As with virtually all sectors, renewable energy project development suffered a severe downturn during the recession and credit crisis. The $787 billion American Recovery and Reinvestment Act of 2009 (ARRA) sought to reverse this situation by injecting stimulus funds into the sector. Renewable energy received substantial attention under ARRA due to the sector’s importance to developing a clean energy economy, reinvigorating American manufacturing and creating jobs.
Under the federal system prior to ARRA, the production tax credit and investment tax credit were the principal federal incentives driving renewable energy project development. Neither of these incentives functioned effectively at the height of the credit-frozen and tax liability-starved recession. Congress enacted ARRA Section 1603, the Treasury grant, as a way to expand the use of clean and renewable energy despite diminished investor demand for tax credits and the lack of credit availability. Pursuant to Section 1603, the U.S. Department of the Treasury reimburses eligible applicants for up to 30 percent of the capital expense for specified energy property. This cash grant is payable to the project within 60 days after it is placed in service.
Due to the severity of the recession, Section 1603 was designed to be a rapid response with a short lifetime. To comply with Section 1603 requirements, a project must be placed in service or begin construction during 2009 or 2010. The last day to submit a Treasury grant application is Oct. 1, 2011, but construction must begin no later than 2010 no matter when the application is filed. For projects that begin construction in 2010, it is also necessary that the project be placed in service in time to comply with the credit termination date for the particular type of renewable energy.

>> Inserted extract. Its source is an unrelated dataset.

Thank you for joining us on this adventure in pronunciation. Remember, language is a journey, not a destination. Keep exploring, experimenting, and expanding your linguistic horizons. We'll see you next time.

The definition of “begin construction” under Section 1603 is somewhat vague and requires careful attention to detail and a complete understanding of Treasury rules. According to the Section 1603 safe harbor rules, owners can meet the begin-construction requirement when they have paid or incurred more than 5 percent of the total cost of the project (not counting certain preliminary costs). An owner can also satisfy the requirement by actual site work or even by entering a binding contract to purchase necessary equipment such as wind turbines–as long as the turbine manufacturer starts building the turbines and other Treasury requirements are met.

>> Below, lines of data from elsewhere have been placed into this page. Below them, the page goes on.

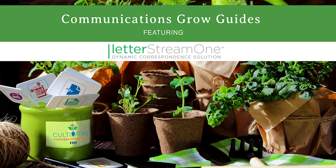Welcome to FSSI's Communication Grow Guides. If you are new to our videos and what grow guides are, watch our first video before you start this one. It's linked in the description box below.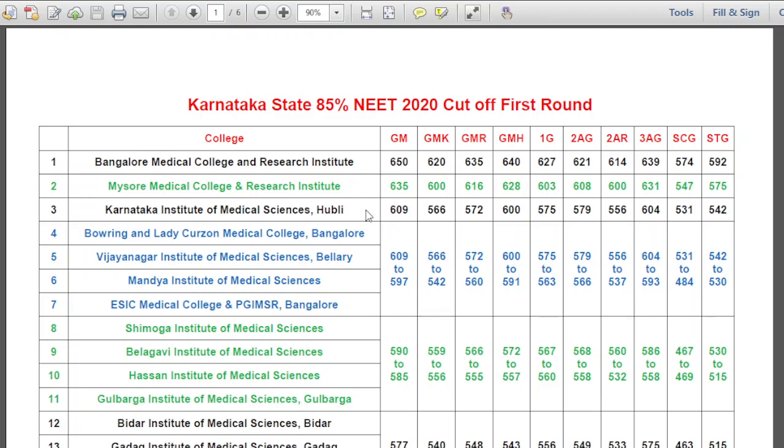Welcome to the GK Objective Biology channel. In this video, we will discuss the Karnataka State 85% NEET cutoff expected cutoff 2021. First, we discuss the cutoff of 2020 so that we can understand the matrix of this cutoff.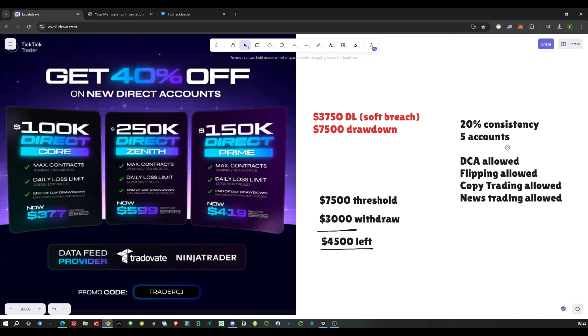A couple of things on the accounts: you still need to maintain the 20% consistency rule, you can have five accounts, DCA (dollar cost averaging) is allowed, and flipping is allowed but you still need to maintain your 20% consistency. Copy trading is allowed and news trading is also allowed.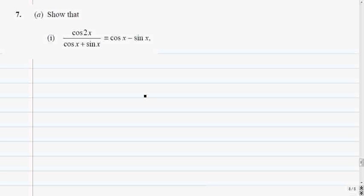Question 7. Show that cos 2x over cos x plus sine x equals cos x minus sine x. So we do the left-hand side. The left-hand side is cos 2x over cos x plus sine x.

The Treasury has done a terrific job of administering Section 1603. Owners who submit complete applications are getting a 30 percent return on eligible capital costs within 60 days, though those who are less diligent with their applications can expect delays. Due to the success of the program, a significant number of lenders are willing to give a short-term or bridge loan to owners with projects that meet Treasury grant specifications.
Treasury grants are not a long-term incentive program, however. The grants were designed to jolt the economy by making funds available and putting people to work as part of ARRA; its sunset date is rapidly approaching. If a Treasury grant is a possibility, advisers and engineering consultants strongly recommend that owners and developers work with legal advisers to craft a compliance strategy that ensures they will qualify for the grant. Project proponents can then communicate with Treasury staff during 2010 to establish a firm placeholder and confirm that the work planned for this year is sufficient to meet the begin-construction requirement by actual site work or by meeting the 5 percent Treasury safe harbor.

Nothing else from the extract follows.